━━ DATASET ENTRIES ━━

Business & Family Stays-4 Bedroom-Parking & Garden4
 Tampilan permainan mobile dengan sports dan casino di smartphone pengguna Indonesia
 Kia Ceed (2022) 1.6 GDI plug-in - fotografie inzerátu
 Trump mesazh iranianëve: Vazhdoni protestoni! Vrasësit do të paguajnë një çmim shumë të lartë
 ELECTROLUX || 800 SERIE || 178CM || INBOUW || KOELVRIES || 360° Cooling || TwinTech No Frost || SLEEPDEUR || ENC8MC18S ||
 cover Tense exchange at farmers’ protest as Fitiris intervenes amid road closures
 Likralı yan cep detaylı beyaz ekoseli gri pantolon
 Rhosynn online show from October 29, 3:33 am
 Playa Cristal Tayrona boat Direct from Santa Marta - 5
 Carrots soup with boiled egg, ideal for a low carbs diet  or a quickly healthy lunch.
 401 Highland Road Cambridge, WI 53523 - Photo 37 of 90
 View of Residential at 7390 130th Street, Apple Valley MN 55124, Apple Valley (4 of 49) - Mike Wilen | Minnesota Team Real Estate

━━━

WHAT TO DO: Find "Tampilan permainan mobile" in the data above, then repeat that line and all lines after it exactly, ending with the final line.

EXPECTED ANSWER:
 Tampilan permainan mobile dengan sports dan casino di smartphone pengguna Indonesia
 Kia Ceed (2022) 1.6 GDI plug-in - fotografie inzerátu
 Trump mesazh iranianëve: Vazhdoni protestoni! Vrasësit do të paguajnë një çmim shumë të lartë
 ELECTROLUX || 800 SERIE || 178CM || INBOUW || KOELVRIES || 360° Cooling || TwinTech No Frost || SLEEPDEUR || ENC8MC18S ||
 cover Tense exchange at farmers’ protest as Fitiris intervenes amid road closures
 Likralı yan cep detaylı beyaz ekoseli gri pantolon
 Rhosynn online show from October 29, 3:33 am
 Playa Cristal Tayrona boat Direct from Santa Marta - 5
 Carrots soup with boiled egg, ideal for a low carbs diet  or a quickly healthy lunch.
 401 Highland Road Cambridge, WI 53523 - Photo 37 of 90
 View of Residential at 7390 130th Street, Apple Valley MN 55124, Apple Valley (4 of 49) - Mike Wilen | Minnesota Team Real Estate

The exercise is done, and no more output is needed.